His intention to do so had been obvious for months. The government was suppressing and killing political opponents, including through its sinister Imbonerakure militias. Street demonstrations in Bujumbura against his decision had been raging for over two weeks, and about 20 protestors have been killed by police.

Around 60 000 Burundians – including many minority Tutsis – had already fled across the borders to neighbouring Rwanda, Tanzania and Democratic Republic of Congo fearing another of those genocidal massacres that have regularly blotted the country’s post-independence history. So, the alarm bells had been clanging for a long time.

Yet it took the EAC leaders until yesterday to deem the problem important enough to meet to discuss it, as Bouka lamented. Until then, the EAC had adopted a hands-off attitude, insisting that this was Burundi’s problem, despite the evidence to the contrary. When the constitutional court – of very doubtful legitimacy – pronounced Nkurunziza’s candidacy constitutional, the EAC accepted that as the final word.

So, by the time the EAC leaders finally issued their declaration in Dar es Salaam, that ‘given the situation in Burundi, conditions are not conducive for elections in Burundi and the Summit calls upon the authorities to postpone the elections for period not beyond the mandate of the current government,’ it had become a statement of the glaringly obvious. It was self-evidently too late and also too little, because it did not explicitly insist that Nkurunziza should abandon his third term bid.

As former Kenyan prime minister Raila Odinga said, when he condemned the EAC and the African Union for failing ‘to demonstrate that they are in tune with the changing times on the continent, in which the people are not willing to be taken back to the old order in which constitutions counted for nothing.’ Odinga said the coup attempt was regrettable but not surprising, and that Burundi had now ‘lost an historic opportunity to strengthen its democracy by establishing a tradition of peaceful transfer of power.’
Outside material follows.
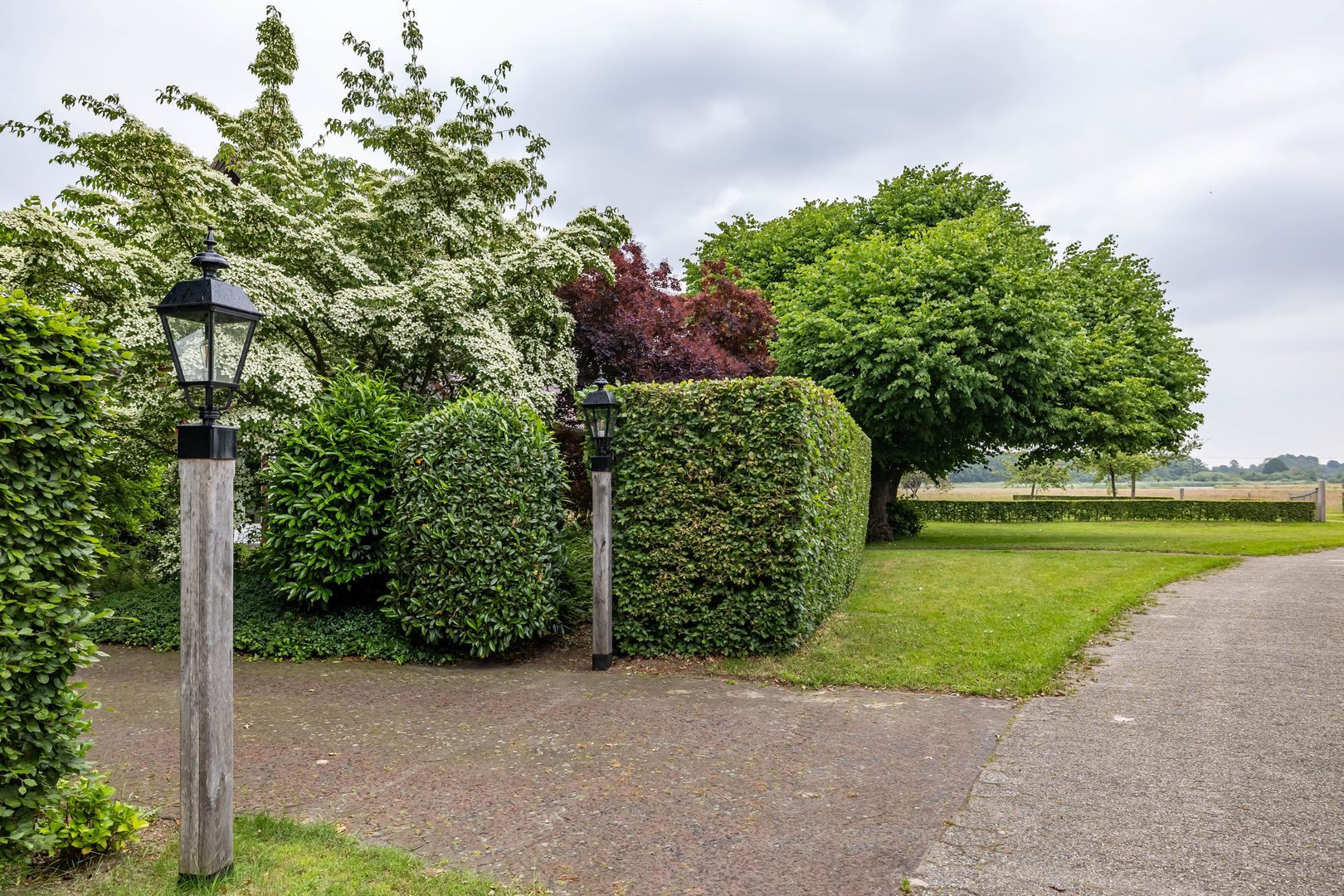 Groningerstraat 25, Midlaren foto-80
ISS researcher Bouka said today that although the situation in Bujumbura remained murky, she feared the worst-case scenario was unfolding. Until yesterday, the military had remained disciplined and aloof from the conflict, which had largely played out between the demonstrators on the one side and the police and Imbonerakure militias on the other.

This had kept casualty figures relatively low. ‘Now we have heavily armed soldiers participating in the conflict and shooting at each other, and it is rapidly escalating. Many civilians may also be caught in the crossfire.’

She adds: ‘The city will probably remain paralysed and in some areas, people will struggle to find food and water.’ How events would continue to unfold in Burundi, and what the region would do about it, are still unclear. The EAC summit declaration included a thinly veiled hint of military intervention if the fighting did not stop.

There were perhaps a few mercies, not necessarily small, to be grateful for. Perhaps the most important was that Niyombare is Hutu, not Tutsi. In fact, when appointing him as the first Hutu to lead the military in 2009, Nkurunziza, ironically, hailed his appointment as ‘a sign that the society has evolved.’

Bouka said that the growing political conflict in Burundi over the past 10 years had been mostly intra-Hutu, and so she did not believe even now that it would descend to ethnic violence, which would surely be an even worse scenario.

The other not-so-small mercy is that if the fighting can be contained, this tragedy might serve the useful purpose of finally delivering the message to Africa’s leadership, as Odinga said, that it can no longer indulge those who tamper with the constitution to cling to power.

Bouka noted that Nkurunziza had fired Niyombare as military intelligence chief in February this year, apparently because of an internal memo he had written, warning that the president’s third-term bid would destabilise the country. That turned out to be both an accurate forecast, and a self-fulfilling prophecy.